# the etymology and meaning of "inenarrabĭlis"?



## Maeskizzle

Hi, I was wondering if anyone could explain the etymology and meaning of the latin word "inenarrabĭlis"?  I think it´s a synonym of inefable and by the structure of the word, it looks like it means "un - narratible" or something of that nature.  Is that right? Or does it mean something else?
Thank you.


----------



## clara mente

Let's break this word up first, piece by piece, and then it should make more sense to you.
"in"- a prefix used to signify negation, i.e. "non-/ not" or "un".
"abilis" is adjectival suffix meaning "able to".
" enarra" is the root of this adjective, coming from the verb "enarro,are" meaning to "explain."
Hence, the final meaning "inexplicable".


----------



## Anne345

and _enarro _comes from _ex narro_ 
_ex_ : out of, from 
_narro_ are : to make known, tell


----------



## virgilio

Maeskizzle,
              Your translation is just about right.
  in - e -narra -bil -is
(1) in - negative prefix                                         (not)
(2) ê  - long "e" standing for the adverbial prefix "ex" (completely)
(3) narra  - stem and characteristic vowel of "narrare" (recount)
(4) bil  - thought by some to be etymologically related to Turkish verb "bilmek" (to know) -                                        (to know how to / to be able)
(5) is adjectival termination

Hence, literally "not knowing complete recounting" or "which cannot be fully recounted".
So you're "ineffable" just about hits the mark.

Congratulations
Virgilio


----------



## Outsider

Would "unspeakable" be a better translation, by any chance?


----------



## Whodunit

Outsider said:


> Would "unspeakable" be a better translation, by any chance?


 
The meaning, according to my dictionary, is something like _indescribable_.

As for the etymology:

in- > goes back to the IE root *_n-_ (negation particle)
enarrare > a compound of _ex_ (IE: *_eĝhs_) and narrare (IE: *_ĝen_-) meaning "to tell completely"
-(a)bilis > suffix expressing ability, capacity etc., maybe from IE *_-tro_-?


----------



## Outsider

Whodunit said:


> enarrare > a compound of _ex_ (IE: *_e?hs_) and narrare (IE: *_?en_-) meaning "to tell completely"


Or simply "to narrate".


----------



## Whodunit

Outsider said:


> Or simply "to narrate".


 
No, my translation referred to _*e*narrare_, not _narrare_. 
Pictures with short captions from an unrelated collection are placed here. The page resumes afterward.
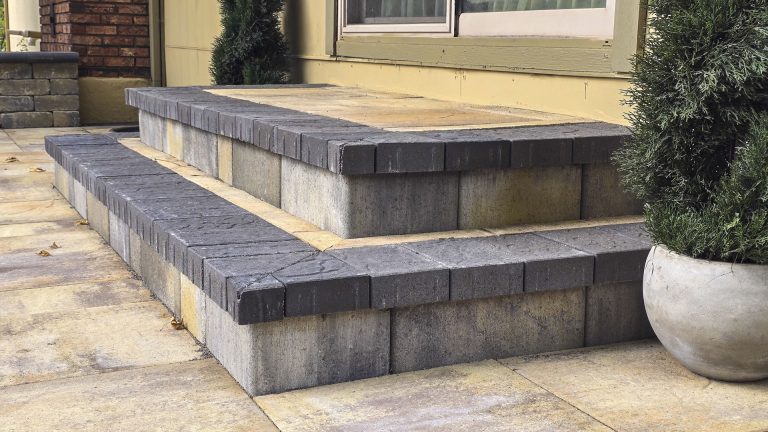 Modern outdoor patio with two-tier concrete block retaining walls and paved stone flooring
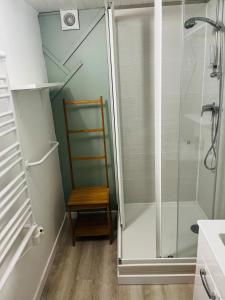 a shower with a wooden chair in a bathroom at Villa Riva-Mela in Ouistreham +10 photos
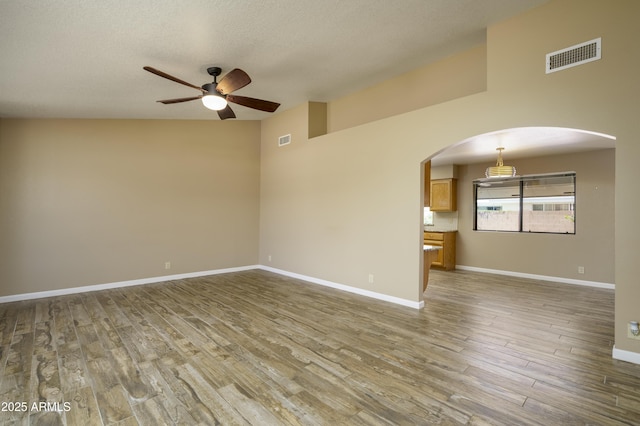 8230 E Navarro Ave, Mesa, AZ 85209 - empty room featuring a ceiling fan, wood finished floors, arched walkways, baseboards, and a textured ceiling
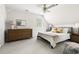 A bright bedroom with a ceiling fan, with neutral colors, and coordinating furniture at 2481 Foxwood Dr, Chapel Hill, NC 27514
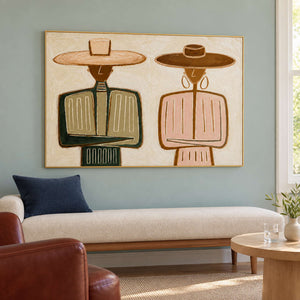 Green-and-pink artwork above a cream bench against a green wall.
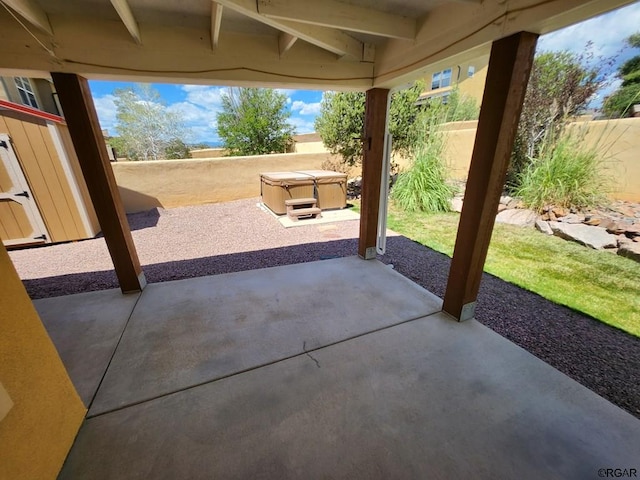 view of patio / terrace with a hot tub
Your translation would be correct for the latter, but the former means something like _to explain in detail/to tell completely_, therefore the prefix _e(x)-._


----------



## virgilio

outsider and whodunit,
                              The adjective "unspeakable" is used only of bad things.
Winston Churchill is said to have once met Lady Astor, as he was leaving the House of Commons bar, slightly unsteady on his feet:
Lady Astor: Mr Churchill! You are drunk, unspeakably drunk!
Winston Churchill: Madam, you are ugly, unspeakably ugly! But I shall be sober in the morning! 

"Indescribable", I'm afraid, is little better. It almost always describes something bad.
 Of course, the "inenarrabilis" may - for all I know - have been describing something bad. If so, I would suggest a fuller translation "such as cannot be recounted in all its detail"
Virgilio


----------



## Maeskizzle

Thank you for your definitions.  They are quite helpful.


----------